▸ PROBLEM STATEMENT:
Write the full listing out again, word for word, but omit the pictures.

▸ INFORMATION PROVIDED:
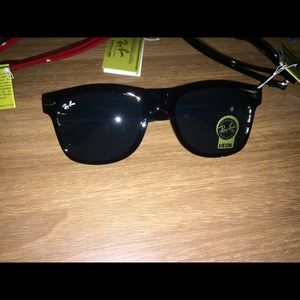 Ray Ban Black Wayfer Sunglasses Shades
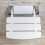 Wall Mounted Folding Shower Seat White with Chrome Trim 3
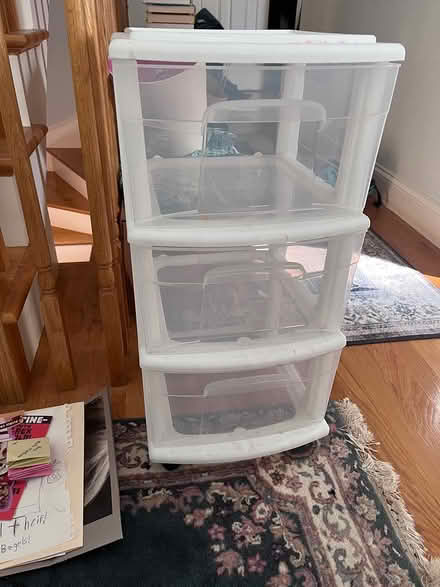 Photo of free Plastic storage drawers (West Somerville) #1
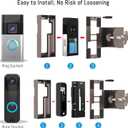 Anti Theft Ring Doorbell Mount: Metal Ring Apartment Door Mount Blink Doorbell Camera Holder No Drill - Renter Friendly Ring Doorbell Mount No Damage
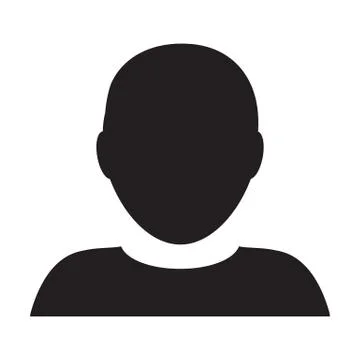 Man User Icon - Person Profile Avatar Glyph Vector Illustration Stock Illustration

▸ ANSWER TO THIS TASK:
 Ray Ban Black Wayfer Sunglasses Shades
 Wall Mounted Folding Shower Seat White with Chrome Trim 3
 Photo of free Plastic storage drawers (West Somerville) #1
 Anti Theft Ring Doorbell Mount: Metal Ring Apartment Door Mount Blink Doorbell Camera Holder No Drill - Renter Friendly Ring Doorbell Mount No Damage
 Man User Icon - Person Profile Avatar Glyph Vector Illustration Stock Illustration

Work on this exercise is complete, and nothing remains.